Y si usted ha apostado alguna vez al loto, sabe cómo funciona esto de la
suerte.
Cuando
entramos en el terreno de la política, sin embargo, por alguna desconocida
razón el diagnóstico se omite. No se usa. Se prescinde de él, podríamos decir,
en forma aleve. En su lugar, se utiliza el método del toro de lidia, que
consiste en elegir un punto por instinto, cerrar los ojos, agachar la cabeza y
arremeter. ¿Identificar las causas de los problemas? ¡Por favor! Es una pérdida
de tiempo. Los problemas se enfrentan a lo mero macho: arrasando con todo e
imponiendo la visión propia, por equivocada que ésta resulte. Y si por alguna
razón (porque el proyecto presentado es muy malo, por ejemplo) el asunto se
dificulta, siempre se puede negociar con quienes detentan el poder económico,
manteniendo algunos abusos (verbigracia la renta presunta, el crédito especial
de IVA a las constructoras y el sistema integrado de impuesto a la renta) y
obteniendo a cambio, irrestricto apoyo.
LAS CAUSAS DE LA DESIGUALDAD
¿Cuál es el diagnóstico en el caso que nos ocupa? Hay, no cabe
duda, una desigualdad mayor que la aceptable. El exceso puede cuantificarse con
relativa facilidad, comparando nuestros indicadores con los de los países que
han vencido al flagelo: unas 25 veces en la relación 10/10 y 0,25 puntos en el
coeficiente de Gini. Si queremos resolver el problema, entonces, tenemos que
llegar a relaciones 10/10 de un dígito y a un coeficiente de Gini equivalente a
la mitad del actual. ¿Cómo? Pues, como se hace desde tiempos inmemoriales:
identificando las causas del problema y atacándolas.

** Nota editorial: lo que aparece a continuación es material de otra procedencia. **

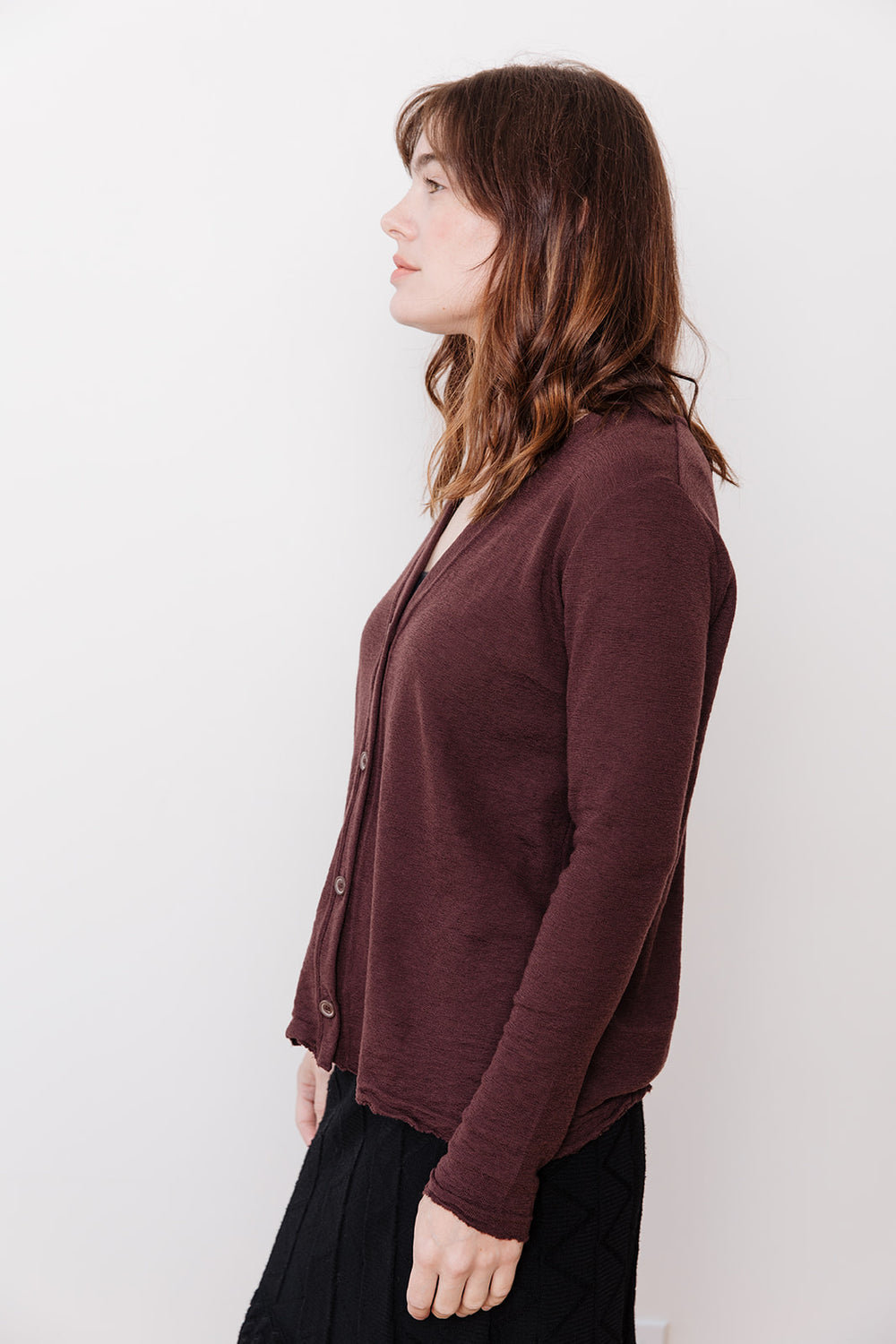 V-Neck Cardigan, Brown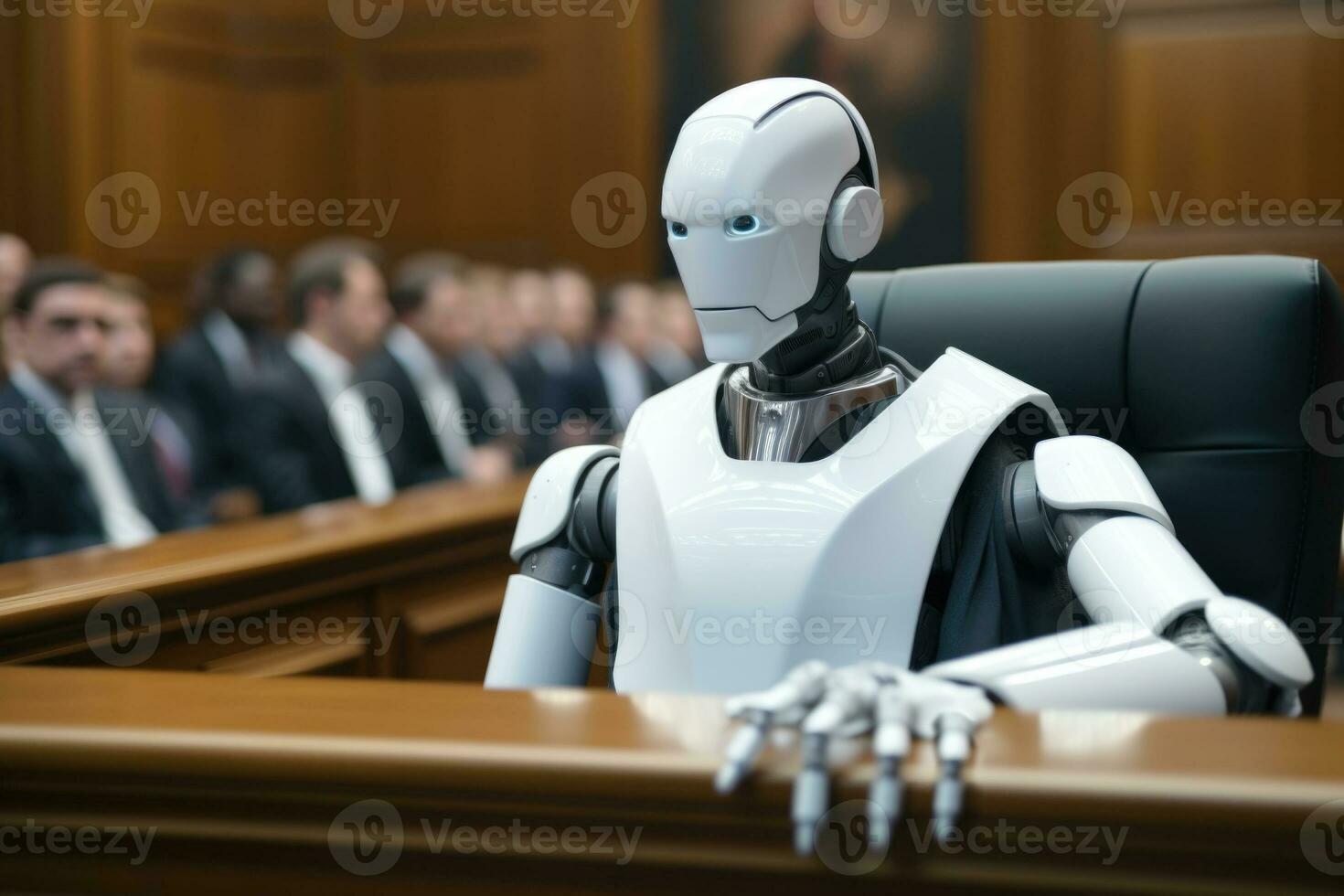 Humanoid robot sitting in courtroom. Generative AI photo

¿Cuáles son las causas de la desigualdad?
Nuestras características personales y las capacidades que poseemos
influyen, desde luego. En muy escasa medida, también el azar (si usted
se gana el loto pasa a ser, de inmediato, desigual). Pero no son los únicos
factores a considerar, ya que todos están presentes en los países desarrollados.
Son, de hecho, los responsables de las relaciones 10/10 de un dígito.
Hay que buscar el factor ausente, o el que está presente en muy
escasa medida en dichas sociedades, pero mucho en la nuestra.
Es la concentración del
poder, tanto político como económico, la causa principal de la excesiva desigualdad. Si no me cree, revise la historia, partiendo por los campos
algodoneros del sur de los EUA antes de la guerra de la secesión o por la Francia
pre revolución. Sea por una condición humana instintiva, sea por otro
origen difícil de precisar, cuando alguien dispone de poder tiende a usarlo en su
propio beneficio. Si usted se fija, en los países con mala distribución del
ingreso, como Chile, el poder político y
económico está concentrado en muy pocas manos; existe una institucionalidad construida para
mantener el statu-quo; el Estado se haya reducido a su mínima expresión; hay carencia de
organizaciones poderosas de defensa de los derechos ciudadanos; los sindicatos son débiles; los sistemas tributarios están hechos a la medida de los más acomodados; hay impunidad para
explotar al más débil (intereses usurarios, sueldos mínimos exiguos,
concertación de precios), etc.
De
manera que, si usted quiere de verdad combatir la desigualdad, tiene que atacar
la concentración de poder, tanto del político como del económico. No hay otra
receta. ¿Cómo? Por razones de espacio, dejaremos la respuesta para un próximo capítulo.
Sólo
combatiendo el factor mencionado impediremos en el futuro un caso MOP-Gate 2, un
nuevo Pentagate, más colusiones o que las empresas sigan pagando los impuestos de sus
propietarios y no paguen un peso por los ingentes servicios públicos que
reciben. Sólo así evitaremos reformas patéticas, como las que se tramitaron o
se tramitan en este minuto en el Congreso. Esos son abusos que sólo pueden
cometerse cuando existe una brutal concentración del poder. Como la que, para nuestra desgracia, existe hoy en Chile.